TASK PROMPT. Lines from the one with "Patrica Nash Python Athena Frame Clutch NWOT" up to and including the one with "Drop Shoulder T-Shirt" are to be copied exactly from the records below, without their pictures.

MATERIAL SUPPLIED.
>>>>>

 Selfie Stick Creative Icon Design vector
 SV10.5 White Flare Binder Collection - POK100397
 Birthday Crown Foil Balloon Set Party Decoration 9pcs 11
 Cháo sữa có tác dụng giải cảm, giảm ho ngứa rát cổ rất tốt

<<<<<
>>>>>

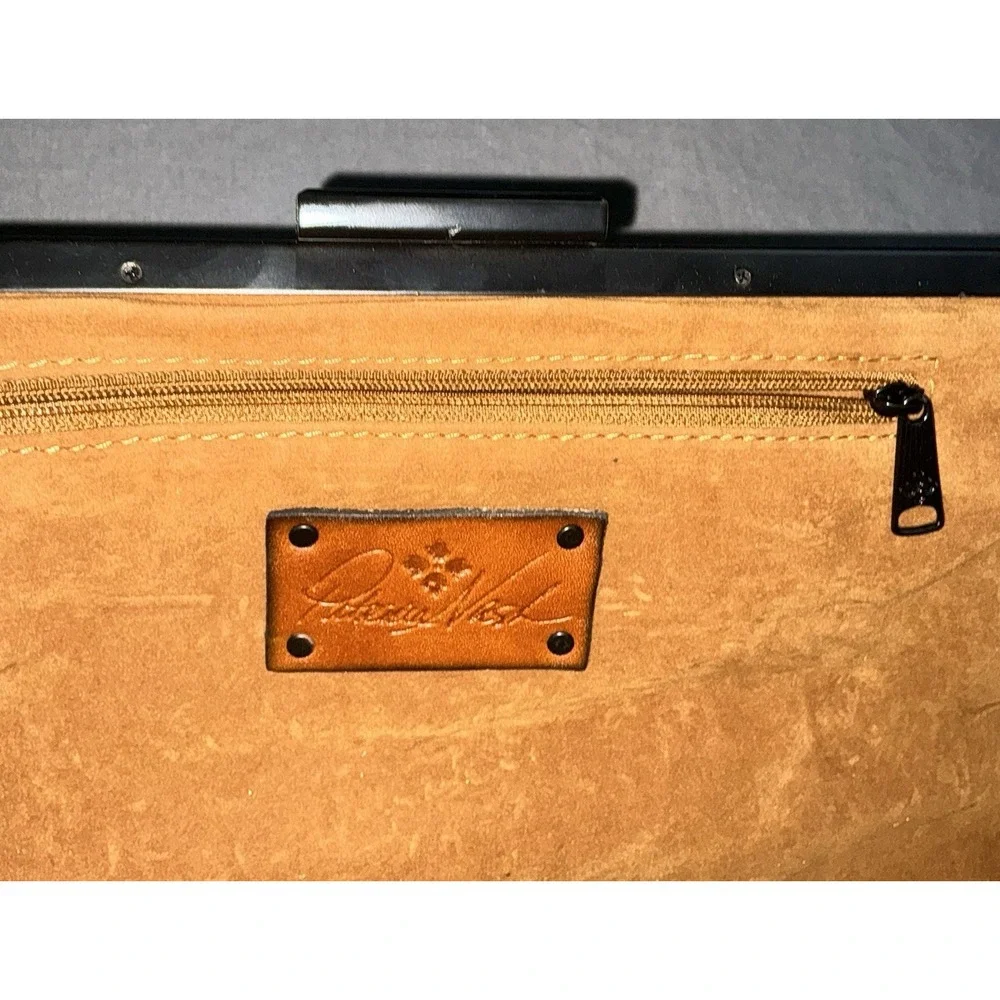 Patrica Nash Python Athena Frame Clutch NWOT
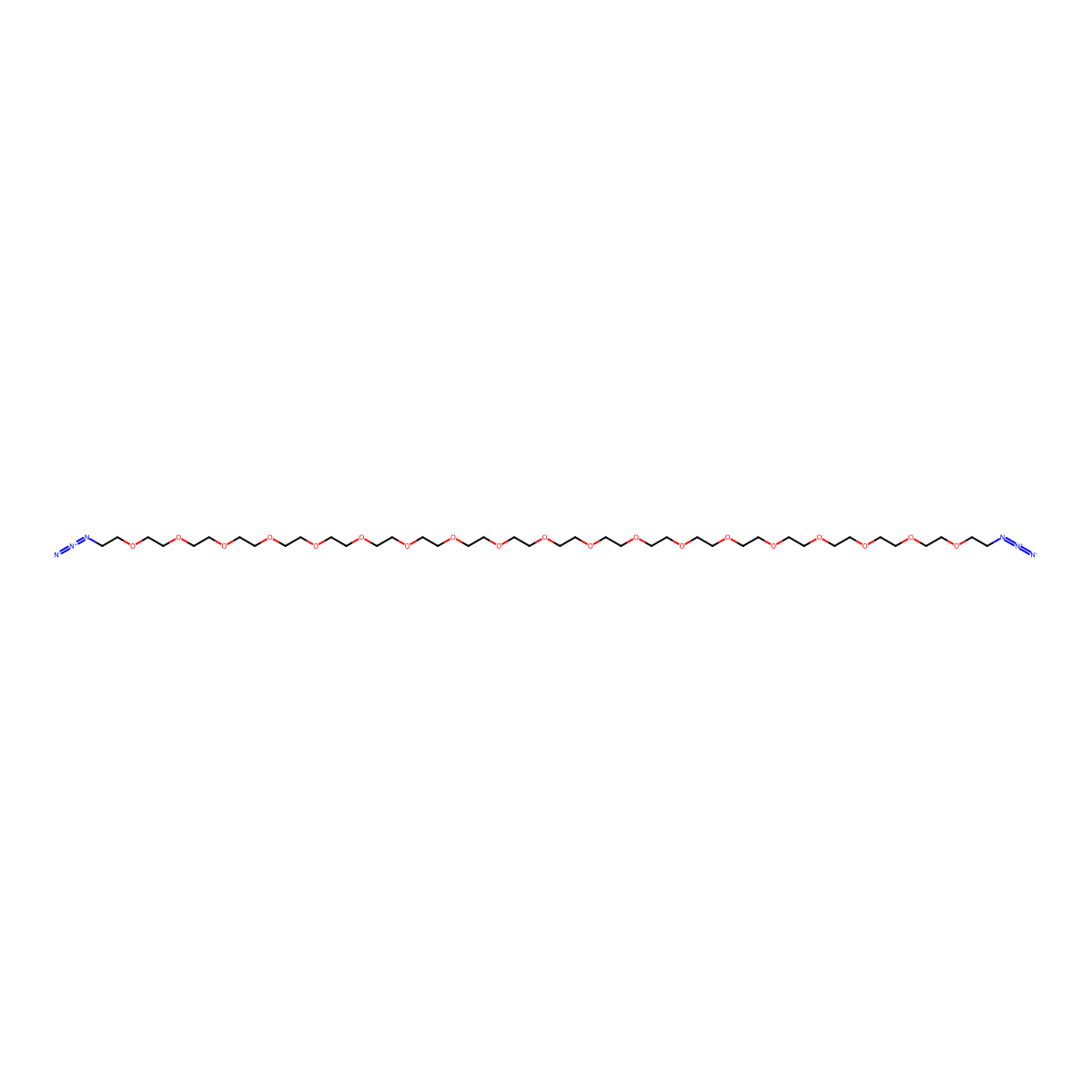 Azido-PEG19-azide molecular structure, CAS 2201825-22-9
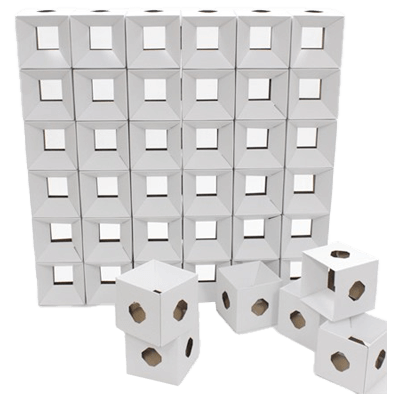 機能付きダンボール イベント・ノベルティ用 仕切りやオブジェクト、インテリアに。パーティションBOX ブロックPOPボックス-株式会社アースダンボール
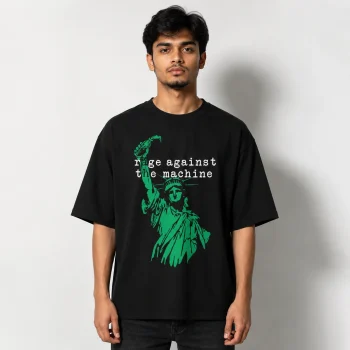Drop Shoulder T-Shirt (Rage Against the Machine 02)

<<<<<
>>>>>

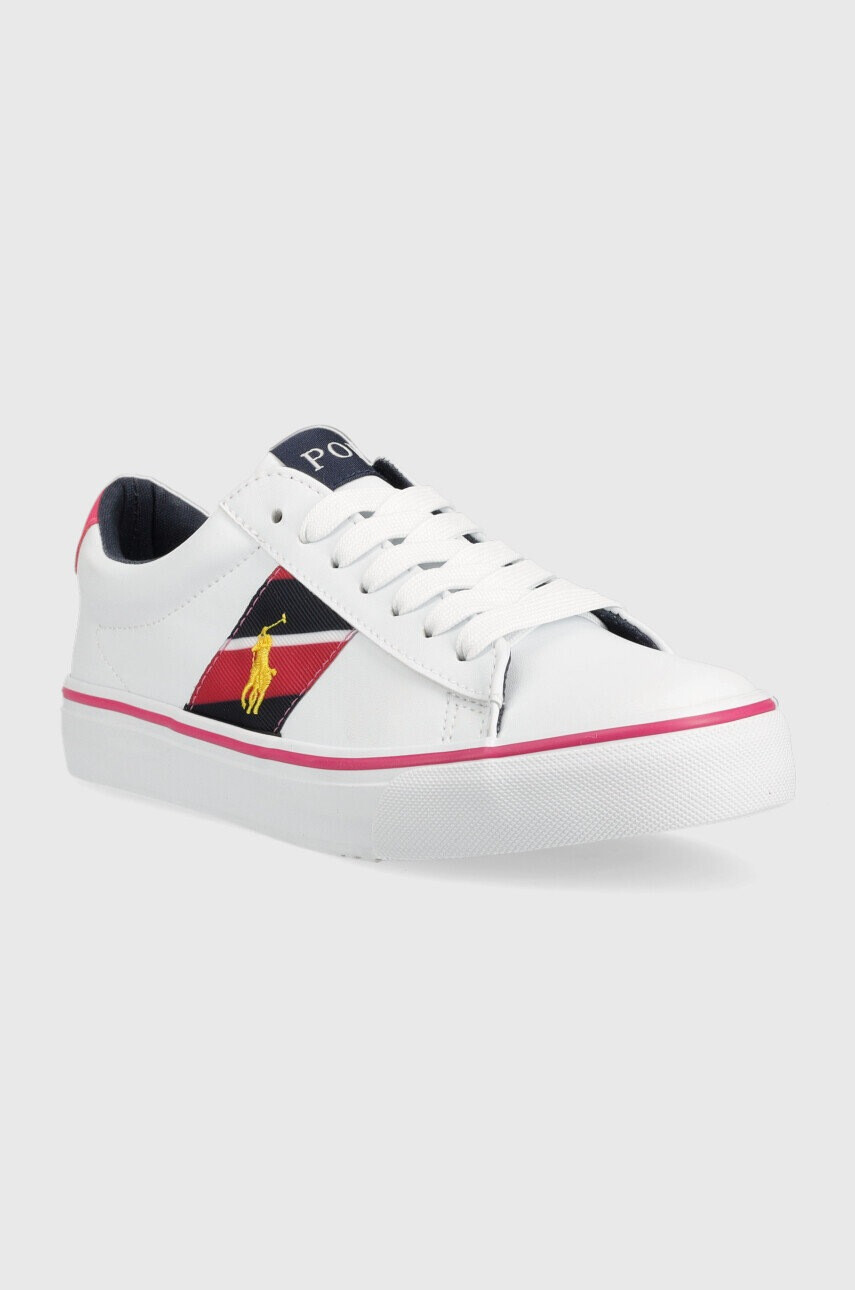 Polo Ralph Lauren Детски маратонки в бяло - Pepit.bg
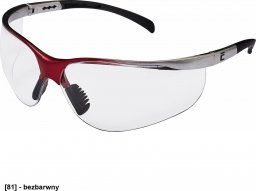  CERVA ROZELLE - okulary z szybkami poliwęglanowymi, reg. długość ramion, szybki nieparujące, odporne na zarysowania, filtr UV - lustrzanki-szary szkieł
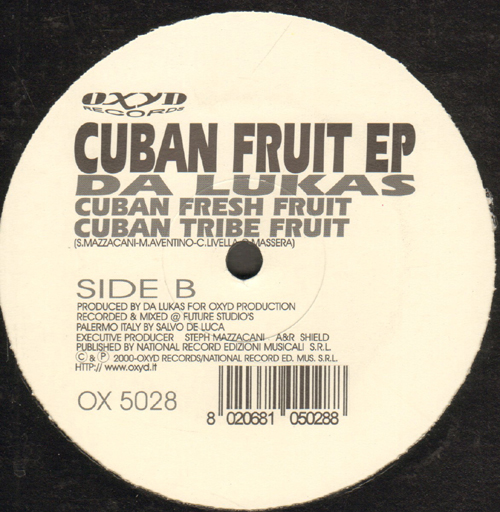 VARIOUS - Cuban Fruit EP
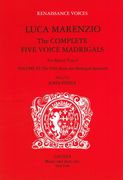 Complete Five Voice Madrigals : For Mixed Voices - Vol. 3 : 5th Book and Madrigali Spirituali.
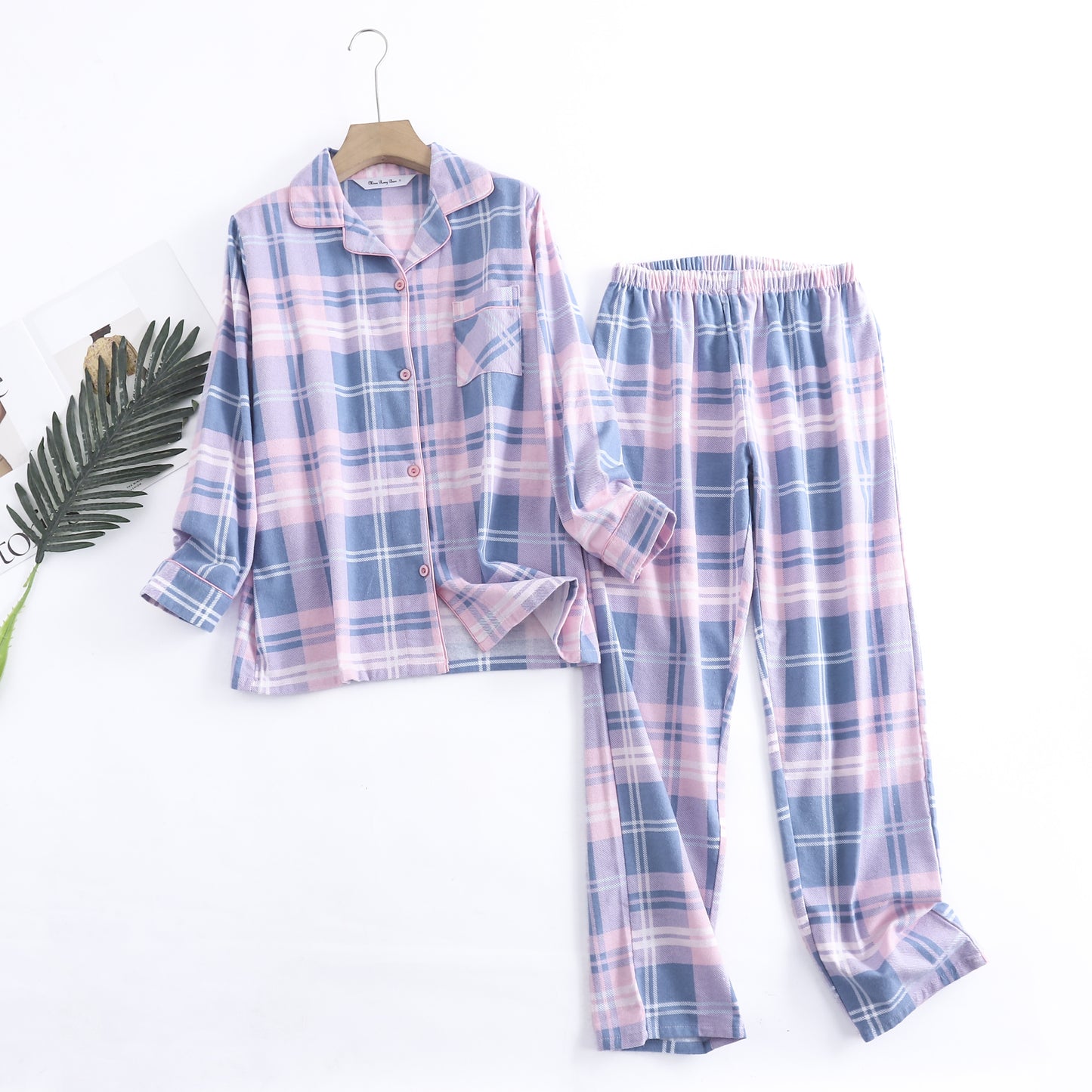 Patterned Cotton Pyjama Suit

<<<<<

RESPONSE.
 Patrica Nash Python Athena Frame Clutch NWOT
 Azido-PEG19-azide molecular structure, CAS 2201825-22-9
 機能付きダンボール イベント・ノベルティ用 仕切りやオブジェクト、インテリアに。パーティションBOX ブロックPOPボックス-株式会社アースダンボール
Drop Shoulder T-Shirt (Rage Against the Machine 02)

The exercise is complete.